Carousell Group logo

Site Reliability Engineer (GCP)

Carousell Group
2 hours ago
Full-time
On-site
Ho Chi Minh City, Ho Chi Minh City, Vietnam
Developer

Company Description

Chợ Tốt’s technology foundation is growing and expanding to power our next level of growth, serving tens of millions of Vietnamese. Our Site Reliability Engineering (SRE) team works day-to-day with open-source CNCF projects, building robust platforms, automation, and data engineering pipelines that enable the continuous releases of hundreds of microservices.

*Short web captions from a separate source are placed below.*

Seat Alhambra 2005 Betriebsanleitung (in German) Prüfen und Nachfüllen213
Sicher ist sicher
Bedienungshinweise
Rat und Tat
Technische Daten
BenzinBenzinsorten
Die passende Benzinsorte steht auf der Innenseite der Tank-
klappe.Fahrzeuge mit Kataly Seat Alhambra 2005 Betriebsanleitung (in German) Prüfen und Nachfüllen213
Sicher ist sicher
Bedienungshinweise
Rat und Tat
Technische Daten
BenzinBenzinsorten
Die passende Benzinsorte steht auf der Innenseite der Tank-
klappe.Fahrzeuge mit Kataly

Join us to solve big-scale distributed system problems in a fast-paced, agile environment. We serve hundreds of millions of requests and manage data pipelines with over a billion messages daily. Because we are part of the larger Carousell Group, solving a technical problem here means your solution can make a regional impact!

Job Description

Why You’ll Love Working With Us:

  • True Blameless Culture: We tackle incidents as a team. Our strict policy is: Fix the incident first, investigate the root cause later—absolutely no finger-pointing.
  • 100% Cloud & Massive Scale: Run entirely on the Google Cloud (GCP) ecosystem and Google Kubernetes Engine (GKE), managing auto scale-up for high-traffic events.
  • AI Integration: We are actively leveraging AI to speed up daily tasks, automate log analysis/troubleshooting, and accelerate software releases.
  • Empowerment & Trust: Access rights start at a minimum but scale up based on your capability. Master the system, and you’ll be granted the highest level of system access.

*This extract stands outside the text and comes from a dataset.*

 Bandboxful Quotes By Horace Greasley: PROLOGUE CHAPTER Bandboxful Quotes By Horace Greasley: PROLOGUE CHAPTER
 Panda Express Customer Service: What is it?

Key Responsibilities (50% Automation / 50% Operations):

This is a key role requiring solid engineering knowledge, production experience, and hands-on implementation ability. You will:

  • Act as the first line of defense for incident handling, tackling issues manually and promptly when they occur.
  • Ensure the highest levels of production system performance, availability, and scalability.
  • Automate the provisioning of infrastructure on the cloud, systems, and software.
  • Design and operate build & release pipelines, configuration management, and code deployments to multiple environments.
  • Work closely with the development team to integrate new deployment processes and strategies.
  • Seek out problems or opportunities in critical high-impact areas and solve them.

Your First 6 Months:

  • Months 1-2 (Learning Phase): Dedicate time to adapt to Chợ Tốt's core infrastructure. We will sponsor your learning via Coursera to study and pass mandatory Google Cloud / K8s certificates. You will grasp the infrastructure across all 3 environments.
  • Months 3-6 (Execution Phase): Fully master the infrastructure, especially Production. You will handle support requests from Engineers, take on Group-level tasks, and participate in on-call duties.

Qualifications

Minimum Qualifications (Must-Haves):

  • Tech Stack: Hands-on experience in Python AND any of Bash/Perl/Golang.
  • Cloud & Orchestration: Hands-on experience in the Cloud ecosystem (GCP or AWS) and tooling. Experience managing, scaling, and troubleshooting containerized workloads using Kubernetes or similar orchestration platforms.
  • Infrastructure as Code: Hands-on experience in Terraform or similar software like Ansible/Chef.
  • Fundamentals: Solid foundation and knowledge of operating systems, databases, and distributed systems fundamentals.
  • DevOps Culture: Full understanding and experience in DevOps development culture, principles, and practices.
  • Soft Skills & Persona: Self-motivated, detail-oriented, and responsible. You must have a "low ego," be open to feedback, and have strong interpersonal skills to handle cross-team collaboration smoothly. You are careful in execution—always preparing clear, detailed plans and documentation.
  • Language: Very good command of English in both reading and writing (equivalent to IELTS 5.0 - 6.0).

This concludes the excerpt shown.